PostGISMeasurement

ST_Perimeter

What is ST_Perimeter?

ST_Perimeter returns the 2D perimeter — the boundary length — of a polygonal geometry. For POLYGON it is the length of the outer ring plus the lengths of any holes; for MULTIPOLYGON it is the sum across all parts.

SQL
1ST_Perimeter(geometry g1)float
2ST_Perimeter(geography geog, boolean use_spheroid = true)float

For non-polygonal input (points, lines, collections without polygons), the function returns 0. For geography, the result is in metres on the WGS84 spheroid by default.

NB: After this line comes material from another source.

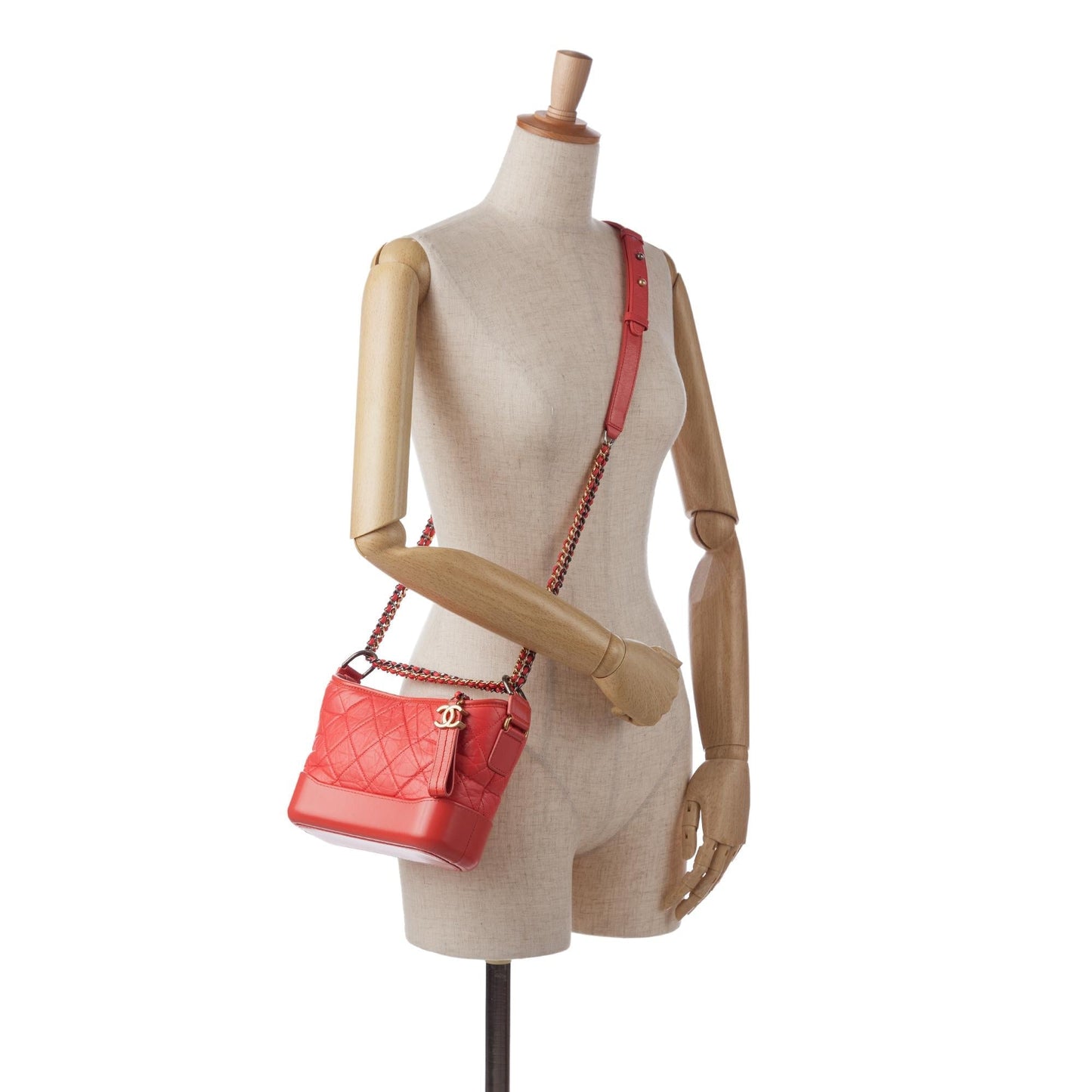 Chanel Small Chevron Lambskin Gabrielle Crossbody (SHG-CK0Rtr)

When would you use ST_Perimeter?

Use ST_Perimeter to compute the boundary length of an area feature: fencing requirements around a property, shoreline length around an island, or sewer-line requirements along a subdivision boundary. It is also the denominator in compactness metrics such as (4π·area)/perimeter², useful for comparing polygon regularity.

SQL
1-- Perimeter in metres of each country boundary on lat/lon data
2SELECT iso_code, ST_Perimeter(geom::geography) AS metres
3FROM countries;

FAQs

What units does ST_Perimeter return?

For geometry, the units of the SRID — degrees for EPSG:4326, metres for projected CRSs. For geography, always metres on the WGS84 spheroid. Cast lat/lon geometry to geography when you need real-world metres.

Does it include holes?

Yes. A polygon with interior rings contributes its outer ring length plus all hole lengths. This matches OGC semantics: if you fenced the polygon, you would fence the inner boundaries too.

What does it return for non-polygonal input?

Zero. For linestring length use ST_Length; for collections extract polygons first with ST_CollectionExtract(geom, 3).

Is there a 3D version?

Yes — ST_3DPerimeter uses Z coordinates to return the slope perimeter, useful for polygons draped over terrain.